Before we despair entirely, there is a way to marginally improve the situation over time. Yes, it is true that the public sector is being brain drained by the private sector, but we can think of this like a leaky bucket. Right now, the state lacks the capacity to get things done, because all the good talent is leaving for the private sector. However, if we raise the *overall* quality of human capital, then both the public sector and private sector will improve in quality. The problem of problem-solving capacity is, fundamentally, a problem of human capital.
How then do we raise human capital? The first thing we should recognize is that the environmental conditions for improving human capital in a first world country are rapidly diminishing. If you double the salary of a K-12 teacher, you do not double the SAT scores. In fact, you can double the salary of teachers and see no statistical improvement in test scores *at all.* This is because, past a certain level of quality, teachers are totally incapable of increasing the human capital of their students. These students are “high hanging fruit” -- they’ve already been given incredible opportunities to learn how to read, write, and do math. At a certain point, once the environment is “saturated,” the rest is up to “nature.” [When I use the term “nature,” I am not just referring to genetics, but also things far outside the control of the teacher: peer effects, parental environment, family history, etc.]

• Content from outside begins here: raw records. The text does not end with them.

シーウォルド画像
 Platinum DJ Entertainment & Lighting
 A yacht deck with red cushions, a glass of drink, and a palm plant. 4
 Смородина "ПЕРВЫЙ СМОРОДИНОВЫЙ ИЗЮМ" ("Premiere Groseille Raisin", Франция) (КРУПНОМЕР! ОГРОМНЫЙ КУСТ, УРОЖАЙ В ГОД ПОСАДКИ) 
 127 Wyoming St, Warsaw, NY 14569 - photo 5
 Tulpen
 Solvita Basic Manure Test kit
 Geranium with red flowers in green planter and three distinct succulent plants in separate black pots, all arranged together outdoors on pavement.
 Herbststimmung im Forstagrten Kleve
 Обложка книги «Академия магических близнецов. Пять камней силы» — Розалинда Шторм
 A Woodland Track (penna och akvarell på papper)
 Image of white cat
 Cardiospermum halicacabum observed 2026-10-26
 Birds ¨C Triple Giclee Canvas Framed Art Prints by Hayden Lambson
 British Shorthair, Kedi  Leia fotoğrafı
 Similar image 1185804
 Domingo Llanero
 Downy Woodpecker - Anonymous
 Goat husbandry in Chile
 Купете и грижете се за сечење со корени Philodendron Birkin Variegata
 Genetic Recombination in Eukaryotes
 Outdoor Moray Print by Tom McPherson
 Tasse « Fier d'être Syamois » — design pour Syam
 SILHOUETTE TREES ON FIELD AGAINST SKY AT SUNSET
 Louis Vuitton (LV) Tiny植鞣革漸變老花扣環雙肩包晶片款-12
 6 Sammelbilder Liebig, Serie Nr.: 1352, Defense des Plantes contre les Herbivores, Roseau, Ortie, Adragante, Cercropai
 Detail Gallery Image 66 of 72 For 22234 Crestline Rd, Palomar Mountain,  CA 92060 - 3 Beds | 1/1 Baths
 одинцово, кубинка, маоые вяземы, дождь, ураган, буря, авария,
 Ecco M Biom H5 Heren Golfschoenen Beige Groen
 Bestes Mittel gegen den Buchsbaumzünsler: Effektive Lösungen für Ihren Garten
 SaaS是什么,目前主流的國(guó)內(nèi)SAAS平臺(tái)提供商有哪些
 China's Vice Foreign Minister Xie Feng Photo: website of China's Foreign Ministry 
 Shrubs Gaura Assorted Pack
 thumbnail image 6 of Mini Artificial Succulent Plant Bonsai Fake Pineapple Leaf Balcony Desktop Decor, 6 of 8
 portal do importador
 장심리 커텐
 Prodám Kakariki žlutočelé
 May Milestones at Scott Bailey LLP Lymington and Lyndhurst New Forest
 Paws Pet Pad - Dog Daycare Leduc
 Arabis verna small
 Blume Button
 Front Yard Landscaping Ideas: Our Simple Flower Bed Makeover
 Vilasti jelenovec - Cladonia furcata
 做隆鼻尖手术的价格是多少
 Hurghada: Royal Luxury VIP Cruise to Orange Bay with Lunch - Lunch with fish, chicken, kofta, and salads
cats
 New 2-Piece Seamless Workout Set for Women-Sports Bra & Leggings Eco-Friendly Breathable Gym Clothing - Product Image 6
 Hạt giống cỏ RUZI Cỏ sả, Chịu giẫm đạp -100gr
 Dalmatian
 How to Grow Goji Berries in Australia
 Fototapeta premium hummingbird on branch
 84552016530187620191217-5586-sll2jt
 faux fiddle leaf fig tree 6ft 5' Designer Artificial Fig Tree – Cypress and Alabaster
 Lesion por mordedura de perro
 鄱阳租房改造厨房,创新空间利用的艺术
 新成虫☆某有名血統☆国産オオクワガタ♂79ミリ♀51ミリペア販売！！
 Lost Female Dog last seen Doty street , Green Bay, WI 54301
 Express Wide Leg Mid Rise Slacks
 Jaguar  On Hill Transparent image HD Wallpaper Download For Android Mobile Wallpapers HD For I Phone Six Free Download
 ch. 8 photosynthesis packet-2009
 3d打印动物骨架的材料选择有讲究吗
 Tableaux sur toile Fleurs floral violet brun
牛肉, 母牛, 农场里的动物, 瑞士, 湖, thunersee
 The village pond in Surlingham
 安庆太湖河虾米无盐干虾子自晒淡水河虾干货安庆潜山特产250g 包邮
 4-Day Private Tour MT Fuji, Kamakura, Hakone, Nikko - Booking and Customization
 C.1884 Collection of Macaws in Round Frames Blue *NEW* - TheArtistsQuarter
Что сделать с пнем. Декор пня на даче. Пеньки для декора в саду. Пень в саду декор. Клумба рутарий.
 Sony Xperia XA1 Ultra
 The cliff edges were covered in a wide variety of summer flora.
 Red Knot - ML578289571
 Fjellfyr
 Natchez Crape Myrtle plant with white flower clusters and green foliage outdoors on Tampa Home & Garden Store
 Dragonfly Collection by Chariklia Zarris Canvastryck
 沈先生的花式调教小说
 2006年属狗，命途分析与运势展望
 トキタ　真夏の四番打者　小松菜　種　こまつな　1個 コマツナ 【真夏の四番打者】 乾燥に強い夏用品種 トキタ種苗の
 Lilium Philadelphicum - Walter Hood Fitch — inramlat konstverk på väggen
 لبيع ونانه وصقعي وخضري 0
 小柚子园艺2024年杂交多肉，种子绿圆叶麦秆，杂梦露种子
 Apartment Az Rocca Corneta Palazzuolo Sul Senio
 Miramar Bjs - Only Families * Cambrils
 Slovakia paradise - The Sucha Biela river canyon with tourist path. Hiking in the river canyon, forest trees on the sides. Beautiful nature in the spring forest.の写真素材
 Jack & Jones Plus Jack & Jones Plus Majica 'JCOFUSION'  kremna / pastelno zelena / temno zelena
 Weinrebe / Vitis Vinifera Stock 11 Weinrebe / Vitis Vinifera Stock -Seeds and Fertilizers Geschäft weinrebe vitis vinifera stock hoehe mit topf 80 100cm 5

If American students are “high hanging fruit,” then the low hanging fruit is to be found in the third world. The GDP per capita of India is incredibly low; yet, reliably, when Indians immigrate to America, they far out perform white Americans in test scores, income, and crime rates. Whether this is due to selection effects or environmental effects does not change the outcome.
[The same could be said of American Jews in 1870. Jews immigrated from Russia, bringing with them abject poverty, living in tenement houses in New York. Despite the importance of reading Hebrew in Judaism, they could neither read nor write English. Many of them worked manual labor jobs, like my great grandfather, working in dock yards, or factories. The experience of moving to America radicalized many of these Jews into becoming socialists and communists. Jewish radicalism could be seen in the treason of the Rosenbergs, who preferred the Soviet Union over America. Less radical Jews lobbied for America’s entry into WWII, and for Civil Rights. Jewish immigration turned shtetl dwellers into millionaires, and this had dramatic effects on American law and culture.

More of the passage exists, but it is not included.